Second, the water flow on the rivers depicted on the board is a shared and contested resource. Players have to intercept and store as much of the water as they can, build dams (upstream dams are expensive but can block part of the water before it reaches the downstream dams), raise the dams to increase their capacity, and build long tunnels to channel the water to their powerhouses. Water is never consumed — its flow is just used to produce energy —, it is instead released back to the rivers, so you have to strategically place your dams to recover the water diverted by you and the other players.

Over five rounds, the players must fulfill power requirements represented by a common competitive power track and meet specific requests of personal contracts. At the same time, by placing a limited number of engineers, they attempt to enhance their machinery to acquire new and more efficient construction actions and to build and activate special unique-effect buildings to forward their own developing strategy.

Welkin

You are dreaming about evading in the islands? To travel above the sky and further than the horizon? Be glad as you now are a celestial construction manager, architect of the sky! Collect animal and plant ressources, assemble them and add a little life spirit: congratulations! You just built an island in the sky!

The aim of the game is to win the most gold by crafting and selling those famous floating islands. Each turn, the players/architects can either select a new island creation contract, produce resources amongst the 5 existing types, or allocate these resources on their contracts to craft them. Players have limited spaces to store these contracts and resources, so they’ll have to juggle with their production line to complete their objectives in an optimized manner!

As soon as a contract is fulfilled, it is immediately sold and its creator receives gold depending on the resources used for its creation… but their value isn’t fixed and depends on the current market! Is it better to get one’s rewards immediately, or to manipulate the resources’ values for a greater reward later…?

Once there’s no more contracts available, the game ends. The architect who amassed the most gold will get their place amongst the stars!

-description from publisher

Trismegistus: The Ultimate Formula

You are an adept of the mysterious art of alchemy, seeking a way to become the successor of the greatest alchemist ever living — Hermes Trismegistus. In order to do so you will be transmuting mere metals into pure gold, performing experiments, and inventing artifacts to finally achieve everlasting greatness.

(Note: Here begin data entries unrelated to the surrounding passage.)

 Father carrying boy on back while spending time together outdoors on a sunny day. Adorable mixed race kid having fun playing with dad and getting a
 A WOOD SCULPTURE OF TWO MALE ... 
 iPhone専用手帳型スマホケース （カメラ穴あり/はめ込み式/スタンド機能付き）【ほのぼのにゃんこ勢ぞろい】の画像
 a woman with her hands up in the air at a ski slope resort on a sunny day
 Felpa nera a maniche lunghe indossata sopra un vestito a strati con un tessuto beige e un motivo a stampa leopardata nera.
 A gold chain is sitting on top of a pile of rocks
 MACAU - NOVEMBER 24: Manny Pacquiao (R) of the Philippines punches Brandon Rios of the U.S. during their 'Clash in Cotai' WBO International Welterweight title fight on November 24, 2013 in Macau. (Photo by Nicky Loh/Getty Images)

Trismegistus: The Ultimate Formula is played over three rounds during which you will draft exactly three dice. By expertly utilizing the potency of your drafted die, you will be able to transmute precious materials, collect alchemical essences, purchase and activate artifacts, and perform experiments that will progress you along four mastery tracks. You will also build a secret hand of publication cards which — together with the value of your experiments, the completed formulas of your Philosopher's Stone, and your collected gold — will determine your final score in victory points and, perhaps, make you the greatest alchemist, someone able to rival Hermes Trismegistus himself!

The game features custom dice, the sides of which represent alchemical materials. At the beginning of each round, the dice are rolled and grouped by their respective types. On your turn, you must either draft a new die or utilize the untapped potency of a previously drafted die. Based on the material associated with your chosen die, you will be able to collect certain essences in addition to the material to which the die is keyed. Additionally, the color of the die will determine which types of transmutations you can perform, refining raw materials and increasing your mastery of the elements.

Acquire precious artifacts in order to maximize the effects of your transmutations. Conduct experiments. Increase your knowledge and expertise and discover the ultimate formula!

The game includes a solo mode by Dávid Turczi and Nick Shaw.